DATASET ENTRIES:
"""

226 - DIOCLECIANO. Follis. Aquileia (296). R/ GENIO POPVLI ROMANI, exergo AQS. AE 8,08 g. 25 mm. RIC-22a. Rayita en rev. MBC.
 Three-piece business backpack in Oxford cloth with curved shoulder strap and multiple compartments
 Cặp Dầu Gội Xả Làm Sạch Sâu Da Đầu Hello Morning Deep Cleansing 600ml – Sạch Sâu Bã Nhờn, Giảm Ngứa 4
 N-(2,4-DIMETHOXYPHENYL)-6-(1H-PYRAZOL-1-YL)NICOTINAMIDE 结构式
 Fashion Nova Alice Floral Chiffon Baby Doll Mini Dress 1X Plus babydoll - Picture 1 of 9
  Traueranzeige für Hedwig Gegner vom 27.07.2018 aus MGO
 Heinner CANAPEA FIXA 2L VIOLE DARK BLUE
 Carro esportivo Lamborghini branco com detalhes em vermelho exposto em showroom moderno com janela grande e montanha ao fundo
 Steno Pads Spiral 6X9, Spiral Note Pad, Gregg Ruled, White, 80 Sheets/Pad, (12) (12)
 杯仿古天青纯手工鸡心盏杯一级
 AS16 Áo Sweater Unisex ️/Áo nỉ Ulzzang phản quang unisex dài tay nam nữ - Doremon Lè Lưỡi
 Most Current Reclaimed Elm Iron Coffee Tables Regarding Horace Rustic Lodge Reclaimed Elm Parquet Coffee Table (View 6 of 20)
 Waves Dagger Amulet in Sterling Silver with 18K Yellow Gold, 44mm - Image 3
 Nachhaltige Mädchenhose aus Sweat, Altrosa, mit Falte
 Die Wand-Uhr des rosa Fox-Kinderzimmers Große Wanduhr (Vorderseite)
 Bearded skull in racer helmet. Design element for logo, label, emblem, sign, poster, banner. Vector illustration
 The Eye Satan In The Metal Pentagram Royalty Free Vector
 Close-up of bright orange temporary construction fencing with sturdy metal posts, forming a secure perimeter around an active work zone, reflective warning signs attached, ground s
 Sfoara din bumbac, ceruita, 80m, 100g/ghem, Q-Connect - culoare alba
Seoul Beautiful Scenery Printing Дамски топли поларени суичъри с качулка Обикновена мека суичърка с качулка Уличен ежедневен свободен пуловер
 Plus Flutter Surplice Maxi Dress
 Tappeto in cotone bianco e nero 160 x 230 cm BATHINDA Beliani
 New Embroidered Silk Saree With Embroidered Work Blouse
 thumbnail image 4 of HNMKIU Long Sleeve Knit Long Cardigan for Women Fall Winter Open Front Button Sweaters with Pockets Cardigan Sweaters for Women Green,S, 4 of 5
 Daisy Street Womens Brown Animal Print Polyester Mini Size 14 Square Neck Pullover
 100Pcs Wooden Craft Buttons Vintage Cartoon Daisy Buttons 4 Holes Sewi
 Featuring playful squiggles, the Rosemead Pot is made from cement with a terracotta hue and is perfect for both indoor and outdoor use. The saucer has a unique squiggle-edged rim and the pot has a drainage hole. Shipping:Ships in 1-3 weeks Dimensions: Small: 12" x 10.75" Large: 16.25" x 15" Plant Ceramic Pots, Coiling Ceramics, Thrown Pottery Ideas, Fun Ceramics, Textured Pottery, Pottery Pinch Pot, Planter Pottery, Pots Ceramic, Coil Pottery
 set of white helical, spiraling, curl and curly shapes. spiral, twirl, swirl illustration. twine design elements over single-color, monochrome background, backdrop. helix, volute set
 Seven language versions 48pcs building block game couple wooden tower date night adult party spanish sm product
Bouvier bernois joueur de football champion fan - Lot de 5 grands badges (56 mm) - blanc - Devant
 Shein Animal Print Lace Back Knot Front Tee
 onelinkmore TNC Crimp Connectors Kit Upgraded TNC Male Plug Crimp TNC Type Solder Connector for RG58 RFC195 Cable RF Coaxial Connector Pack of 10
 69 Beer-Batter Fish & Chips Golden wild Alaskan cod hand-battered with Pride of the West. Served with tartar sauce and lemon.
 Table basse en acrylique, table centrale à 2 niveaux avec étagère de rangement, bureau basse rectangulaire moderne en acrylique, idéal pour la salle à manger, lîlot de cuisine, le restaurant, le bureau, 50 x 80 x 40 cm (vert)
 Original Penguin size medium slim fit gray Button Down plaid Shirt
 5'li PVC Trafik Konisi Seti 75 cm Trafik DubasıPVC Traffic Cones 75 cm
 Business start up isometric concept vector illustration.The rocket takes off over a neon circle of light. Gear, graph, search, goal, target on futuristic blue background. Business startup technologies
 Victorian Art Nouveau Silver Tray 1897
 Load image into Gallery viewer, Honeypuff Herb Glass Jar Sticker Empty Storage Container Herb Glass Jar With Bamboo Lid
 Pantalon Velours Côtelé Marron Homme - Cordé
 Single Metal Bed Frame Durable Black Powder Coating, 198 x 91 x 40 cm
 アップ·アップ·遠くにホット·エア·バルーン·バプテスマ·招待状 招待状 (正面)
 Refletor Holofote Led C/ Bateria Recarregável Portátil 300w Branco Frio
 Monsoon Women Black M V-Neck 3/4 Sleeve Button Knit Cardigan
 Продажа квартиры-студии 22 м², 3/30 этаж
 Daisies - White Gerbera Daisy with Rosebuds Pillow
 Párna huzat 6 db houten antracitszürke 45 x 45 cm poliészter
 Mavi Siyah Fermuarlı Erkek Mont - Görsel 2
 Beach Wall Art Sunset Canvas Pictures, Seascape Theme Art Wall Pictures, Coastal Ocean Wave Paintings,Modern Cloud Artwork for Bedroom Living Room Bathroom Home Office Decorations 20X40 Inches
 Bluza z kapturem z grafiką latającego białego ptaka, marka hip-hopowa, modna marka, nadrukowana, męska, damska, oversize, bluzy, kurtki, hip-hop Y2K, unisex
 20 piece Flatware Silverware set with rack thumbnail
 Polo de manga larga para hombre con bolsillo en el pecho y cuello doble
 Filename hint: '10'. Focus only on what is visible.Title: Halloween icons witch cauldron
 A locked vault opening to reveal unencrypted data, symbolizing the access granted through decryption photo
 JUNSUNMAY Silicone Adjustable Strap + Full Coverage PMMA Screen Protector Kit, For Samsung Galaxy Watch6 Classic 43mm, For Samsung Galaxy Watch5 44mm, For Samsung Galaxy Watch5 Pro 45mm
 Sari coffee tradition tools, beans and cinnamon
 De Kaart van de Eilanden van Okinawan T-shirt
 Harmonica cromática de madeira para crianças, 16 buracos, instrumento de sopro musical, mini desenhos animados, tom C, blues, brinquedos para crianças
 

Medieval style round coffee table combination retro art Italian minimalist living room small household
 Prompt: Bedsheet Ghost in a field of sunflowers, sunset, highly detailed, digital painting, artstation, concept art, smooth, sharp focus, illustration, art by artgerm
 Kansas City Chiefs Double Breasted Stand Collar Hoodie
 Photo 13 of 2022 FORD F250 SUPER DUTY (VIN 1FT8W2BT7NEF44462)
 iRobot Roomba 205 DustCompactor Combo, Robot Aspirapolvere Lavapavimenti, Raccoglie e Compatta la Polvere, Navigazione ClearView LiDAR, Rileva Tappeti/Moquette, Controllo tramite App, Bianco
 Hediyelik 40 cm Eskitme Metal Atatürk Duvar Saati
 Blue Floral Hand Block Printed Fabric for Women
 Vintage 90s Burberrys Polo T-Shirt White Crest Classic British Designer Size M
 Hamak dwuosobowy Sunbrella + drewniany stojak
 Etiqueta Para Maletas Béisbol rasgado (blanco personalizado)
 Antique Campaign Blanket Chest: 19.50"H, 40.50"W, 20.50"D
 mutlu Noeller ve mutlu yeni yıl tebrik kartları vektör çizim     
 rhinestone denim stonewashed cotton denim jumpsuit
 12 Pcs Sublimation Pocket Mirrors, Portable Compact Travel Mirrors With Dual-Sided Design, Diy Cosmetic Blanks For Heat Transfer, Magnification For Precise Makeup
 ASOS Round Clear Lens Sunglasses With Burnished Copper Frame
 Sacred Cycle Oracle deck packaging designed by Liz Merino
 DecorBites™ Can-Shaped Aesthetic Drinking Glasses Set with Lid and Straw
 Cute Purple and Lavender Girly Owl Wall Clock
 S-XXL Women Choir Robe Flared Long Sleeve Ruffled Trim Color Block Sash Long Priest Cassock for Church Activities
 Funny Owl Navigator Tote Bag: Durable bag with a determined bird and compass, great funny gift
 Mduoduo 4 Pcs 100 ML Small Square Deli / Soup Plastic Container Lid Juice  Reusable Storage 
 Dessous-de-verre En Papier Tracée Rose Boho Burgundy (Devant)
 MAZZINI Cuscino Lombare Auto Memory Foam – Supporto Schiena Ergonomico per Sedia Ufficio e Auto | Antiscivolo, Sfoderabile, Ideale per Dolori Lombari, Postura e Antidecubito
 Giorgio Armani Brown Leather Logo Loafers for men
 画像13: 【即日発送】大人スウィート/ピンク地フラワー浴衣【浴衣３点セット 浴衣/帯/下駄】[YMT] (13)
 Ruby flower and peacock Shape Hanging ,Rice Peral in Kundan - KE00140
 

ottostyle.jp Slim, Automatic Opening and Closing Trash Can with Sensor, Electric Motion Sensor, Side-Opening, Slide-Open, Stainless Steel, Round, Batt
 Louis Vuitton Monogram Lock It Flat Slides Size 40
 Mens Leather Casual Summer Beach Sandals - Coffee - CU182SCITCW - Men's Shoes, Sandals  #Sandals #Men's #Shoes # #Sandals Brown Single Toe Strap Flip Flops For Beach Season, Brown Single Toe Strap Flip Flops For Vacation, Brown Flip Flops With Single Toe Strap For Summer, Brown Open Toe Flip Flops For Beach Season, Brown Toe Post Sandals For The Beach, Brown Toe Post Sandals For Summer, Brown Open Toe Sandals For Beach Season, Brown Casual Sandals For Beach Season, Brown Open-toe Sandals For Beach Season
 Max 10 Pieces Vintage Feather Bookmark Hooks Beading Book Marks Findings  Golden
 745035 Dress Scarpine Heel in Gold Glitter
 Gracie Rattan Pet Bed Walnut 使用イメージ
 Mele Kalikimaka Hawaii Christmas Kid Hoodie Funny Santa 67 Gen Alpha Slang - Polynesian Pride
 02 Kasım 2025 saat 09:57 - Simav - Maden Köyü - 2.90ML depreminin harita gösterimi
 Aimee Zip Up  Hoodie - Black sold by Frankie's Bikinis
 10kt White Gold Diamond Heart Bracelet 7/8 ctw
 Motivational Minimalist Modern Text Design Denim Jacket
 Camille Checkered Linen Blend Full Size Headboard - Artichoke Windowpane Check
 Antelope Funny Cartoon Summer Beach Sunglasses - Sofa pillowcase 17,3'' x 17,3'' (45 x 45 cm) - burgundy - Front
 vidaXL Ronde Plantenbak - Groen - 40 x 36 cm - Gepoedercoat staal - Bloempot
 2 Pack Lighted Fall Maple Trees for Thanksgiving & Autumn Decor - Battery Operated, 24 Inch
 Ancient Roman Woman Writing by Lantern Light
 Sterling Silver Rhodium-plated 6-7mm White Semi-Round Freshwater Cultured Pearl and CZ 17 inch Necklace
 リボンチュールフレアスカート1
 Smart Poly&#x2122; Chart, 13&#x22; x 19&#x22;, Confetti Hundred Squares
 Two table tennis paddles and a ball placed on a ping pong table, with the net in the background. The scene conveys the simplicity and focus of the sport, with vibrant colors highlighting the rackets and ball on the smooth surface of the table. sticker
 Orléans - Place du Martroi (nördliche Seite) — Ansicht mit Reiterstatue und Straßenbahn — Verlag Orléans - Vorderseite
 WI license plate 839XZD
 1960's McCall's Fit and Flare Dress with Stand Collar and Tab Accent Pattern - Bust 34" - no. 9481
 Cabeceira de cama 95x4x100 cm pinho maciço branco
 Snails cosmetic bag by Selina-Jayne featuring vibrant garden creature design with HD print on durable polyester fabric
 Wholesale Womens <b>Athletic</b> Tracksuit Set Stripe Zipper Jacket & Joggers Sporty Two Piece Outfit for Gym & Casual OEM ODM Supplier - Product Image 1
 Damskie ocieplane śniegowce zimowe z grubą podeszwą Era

"""

YOUR GOAL:
Please transcribe exactly the lines above from the line that has "A locked vault" up to and including the line that has "rhinestone denim stonewashed"; no other line belongs in the answer.

EXERCISE ANSWER:
 A locked vault opening to reveal unencrypted data, symbolizing the access granted through decryption photo
 JUNSUNMAY Silicone Adjustable Strap + Full Coverage PMMA Screen Protector Kit, For Samsung Galaxy Watch6 Classic 43mm, For Samsung Galaxy Watch5 44mm, For Samsung Galaxy Watch5 Pro 45mm
 Sari coffee tradition tools, beans and cinnamon
 De Kaart van de Eilanden van Okinawan T-shirt
 Harmonica cromática de madeira para crianças, 16 buracos, instrumento de sopro musical, mini desenhos animados, tom C, blues, brinquedos para crianças
 

Medieval style round coffee table combination retro art Italian minimalist living room small household
 Prompt: Bedsheet Ghost in a field of sunflowers, sunset, highly detailed, digital painting, artstation, concept art, smooth, sharp focus, illustration, art by artgerm
 Kansas City Chiefs Double Breasted Stand Collar Hoodie
 Photo 13 of 2022 FORD F250 SUPER DUTY (VIN 1FT8W2BT7NEF44462)
 iRobot Roomba 205 DustCompactor Combo, Robot Aspirapolvere Lavapavimenti, Raccoglie e Compatta la Polvere, Navigazione ClearView LiDAR, Rileva Tappeti/Moquette, Controllo tramite App, Bianco
 Hediyelik 40 cm Eskitme Metal Atatürk Duvar Saati
 Blue Floral Hand Block Printed Fabric for Women
 Vintage 90s Burberrys Polo T-Shirt White Crest Classic British Designer Size M
 Hamak dwuosobowy Sunbrella + drewniany stojak
 Etiqueta Para Maletas Béisbol rasgado (blanco personalizado)
 Antique Campaign Blanket Chest: 19.50"H, 40.50"W, 20.50"D
 mutlu Noeller ve mutlu yeni yıl tebrik kartları vektör çizim     
 rhinestone denim stonewashed cotton denim jumpsuit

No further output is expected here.